Some years ago–never mind how long precisely–having little or no money in my purse and nothing particular to interest me on shore–I wandered with one of my sons over to the Lower East Side, where we discovered a highly improbable production of one of Shakespeare's history plays.
The stage was a parking lot, where drifters, extras, and other supernumeraries wandered idly hither and yon, a procession that continued even after the play started. The king's throne was mounted atop what I recall as being an old Chevy, but it could have been a Buick or a Studebaker for all I know. The car would occasionally move him downstage or up, whether under its own power or under the influence of stage crew hidden somewhere underneath, we could not tell.

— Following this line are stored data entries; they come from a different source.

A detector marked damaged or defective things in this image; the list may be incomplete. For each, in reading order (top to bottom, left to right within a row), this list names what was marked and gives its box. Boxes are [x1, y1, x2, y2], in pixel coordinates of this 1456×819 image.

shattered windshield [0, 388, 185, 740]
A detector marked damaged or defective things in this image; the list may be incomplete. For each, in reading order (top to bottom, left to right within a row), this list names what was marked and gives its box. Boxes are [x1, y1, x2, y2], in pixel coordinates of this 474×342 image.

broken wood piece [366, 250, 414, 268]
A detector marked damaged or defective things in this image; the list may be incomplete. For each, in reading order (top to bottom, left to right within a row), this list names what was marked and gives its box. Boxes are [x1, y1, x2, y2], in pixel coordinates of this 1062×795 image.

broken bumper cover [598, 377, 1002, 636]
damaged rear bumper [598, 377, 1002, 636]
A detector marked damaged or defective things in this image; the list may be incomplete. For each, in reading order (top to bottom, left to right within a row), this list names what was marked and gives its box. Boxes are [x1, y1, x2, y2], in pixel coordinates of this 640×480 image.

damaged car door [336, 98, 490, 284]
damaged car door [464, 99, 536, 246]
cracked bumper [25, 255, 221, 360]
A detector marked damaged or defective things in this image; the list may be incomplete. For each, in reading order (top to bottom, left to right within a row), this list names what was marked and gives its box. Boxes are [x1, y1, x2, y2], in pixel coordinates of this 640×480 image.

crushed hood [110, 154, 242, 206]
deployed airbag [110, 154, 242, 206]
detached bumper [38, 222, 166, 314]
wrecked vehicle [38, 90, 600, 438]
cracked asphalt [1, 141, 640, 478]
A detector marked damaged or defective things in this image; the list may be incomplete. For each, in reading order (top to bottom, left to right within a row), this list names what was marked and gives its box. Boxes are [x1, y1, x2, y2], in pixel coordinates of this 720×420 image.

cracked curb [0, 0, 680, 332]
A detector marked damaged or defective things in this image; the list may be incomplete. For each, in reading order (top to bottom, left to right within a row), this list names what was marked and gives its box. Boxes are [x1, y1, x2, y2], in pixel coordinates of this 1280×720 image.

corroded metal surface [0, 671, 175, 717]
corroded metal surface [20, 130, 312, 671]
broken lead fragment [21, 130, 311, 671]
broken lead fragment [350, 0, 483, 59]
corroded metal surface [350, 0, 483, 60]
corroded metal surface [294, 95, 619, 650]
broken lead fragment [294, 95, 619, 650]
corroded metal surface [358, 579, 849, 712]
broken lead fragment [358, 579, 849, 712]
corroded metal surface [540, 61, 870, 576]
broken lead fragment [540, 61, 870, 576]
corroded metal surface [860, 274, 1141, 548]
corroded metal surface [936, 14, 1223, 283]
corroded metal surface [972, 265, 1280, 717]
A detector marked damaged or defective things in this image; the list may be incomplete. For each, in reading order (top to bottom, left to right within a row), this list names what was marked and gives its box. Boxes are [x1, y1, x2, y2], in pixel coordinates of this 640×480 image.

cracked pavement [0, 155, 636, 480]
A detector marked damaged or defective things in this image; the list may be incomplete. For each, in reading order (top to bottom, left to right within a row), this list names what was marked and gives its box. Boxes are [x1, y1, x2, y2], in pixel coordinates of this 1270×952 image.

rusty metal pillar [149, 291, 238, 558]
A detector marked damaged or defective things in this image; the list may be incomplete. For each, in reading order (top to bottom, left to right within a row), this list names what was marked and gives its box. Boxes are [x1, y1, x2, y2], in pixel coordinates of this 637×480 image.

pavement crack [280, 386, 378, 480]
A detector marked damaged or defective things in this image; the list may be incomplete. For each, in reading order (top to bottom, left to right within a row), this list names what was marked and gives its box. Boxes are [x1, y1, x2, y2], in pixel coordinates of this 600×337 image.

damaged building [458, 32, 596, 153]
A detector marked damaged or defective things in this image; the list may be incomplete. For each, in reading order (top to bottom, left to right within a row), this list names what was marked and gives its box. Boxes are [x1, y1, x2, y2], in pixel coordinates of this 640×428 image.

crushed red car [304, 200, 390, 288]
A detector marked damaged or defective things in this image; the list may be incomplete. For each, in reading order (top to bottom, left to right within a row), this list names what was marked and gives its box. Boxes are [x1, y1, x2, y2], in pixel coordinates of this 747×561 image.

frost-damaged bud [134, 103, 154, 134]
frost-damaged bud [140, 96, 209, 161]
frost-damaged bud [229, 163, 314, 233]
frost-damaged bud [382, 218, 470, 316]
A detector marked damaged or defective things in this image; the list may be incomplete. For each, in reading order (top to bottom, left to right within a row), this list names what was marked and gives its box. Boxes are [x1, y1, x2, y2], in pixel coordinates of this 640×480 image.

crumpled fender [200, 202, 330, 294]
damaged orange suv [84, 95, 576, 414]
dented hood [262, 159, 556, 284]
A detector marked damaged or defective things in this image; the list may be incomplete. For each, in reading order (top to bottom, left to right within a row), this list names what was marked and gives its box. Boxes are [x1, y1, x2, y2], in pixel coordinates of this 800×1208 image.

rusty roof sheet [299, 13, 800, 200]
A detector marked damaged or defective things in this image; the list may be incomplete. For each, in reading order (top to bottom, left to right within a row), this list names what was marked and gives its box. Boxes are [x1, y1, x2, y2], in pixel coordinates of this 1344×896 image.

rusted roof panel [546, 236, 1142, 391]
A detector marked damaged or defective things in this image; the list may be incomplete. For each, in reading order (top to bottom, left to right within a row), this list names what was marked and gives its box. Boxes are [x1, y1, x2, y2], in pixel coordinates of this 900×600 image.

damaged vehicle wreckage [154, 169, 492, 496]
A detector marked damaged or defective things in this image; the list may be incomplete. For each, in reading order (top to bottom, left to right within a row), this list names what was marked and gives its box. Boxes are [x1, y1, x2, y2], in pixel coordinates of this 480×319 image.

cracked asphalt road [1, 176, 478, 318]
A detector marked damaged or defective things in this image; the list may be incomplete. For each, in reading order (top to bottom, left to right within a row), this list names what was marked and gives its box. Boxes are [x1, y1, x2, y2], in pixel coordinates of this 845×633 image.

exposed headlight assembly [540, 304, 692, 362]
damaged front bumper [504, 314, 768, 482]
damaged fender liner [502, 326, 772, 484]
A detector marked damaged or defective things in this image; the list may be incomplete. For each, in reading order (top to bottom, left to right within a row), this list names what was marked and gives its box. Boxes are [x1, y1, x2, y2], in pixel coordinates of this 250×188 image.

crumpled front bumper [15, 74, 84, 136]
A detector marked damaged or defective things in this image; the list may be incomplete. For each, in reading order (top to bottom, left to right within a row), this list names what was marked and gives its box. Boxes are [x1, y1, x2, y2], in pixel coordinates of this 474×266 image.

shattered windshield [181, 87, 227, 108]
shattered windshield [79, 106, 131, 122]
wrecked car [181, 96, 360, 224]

So I was interested to read this week that the bones of a Shakespearean figure, Richard III, had been found in Leicester, in the ruins of the Greyfriars Priory–under a parking lot. The discovery could lead to a new view of what some believe was a misunderstood man, as John F. Burns writes in The New York Times:
“I think he wanted to be found, he was ready to be found, and we found him, and now we can begin to tell the true story of who he was,” said Philippa Langley, a writer who has been a longtime and fervent member of the Richard III Society, an organization that has worked for decades to bring what it sees as justice to an unjustly vilified man. “Now,” Ms. Langley added, “we can rebury him with honor, and we can rebury him as a king.”
This is a delightful story, made more so by the Shakespeare connection, especially for those of us who would never have heard of the guy if not for Shakespeare's dark and fearful tale.
And, yes, as you've probably surmised, the play that my son and I saw in the parking lot was…Richard III.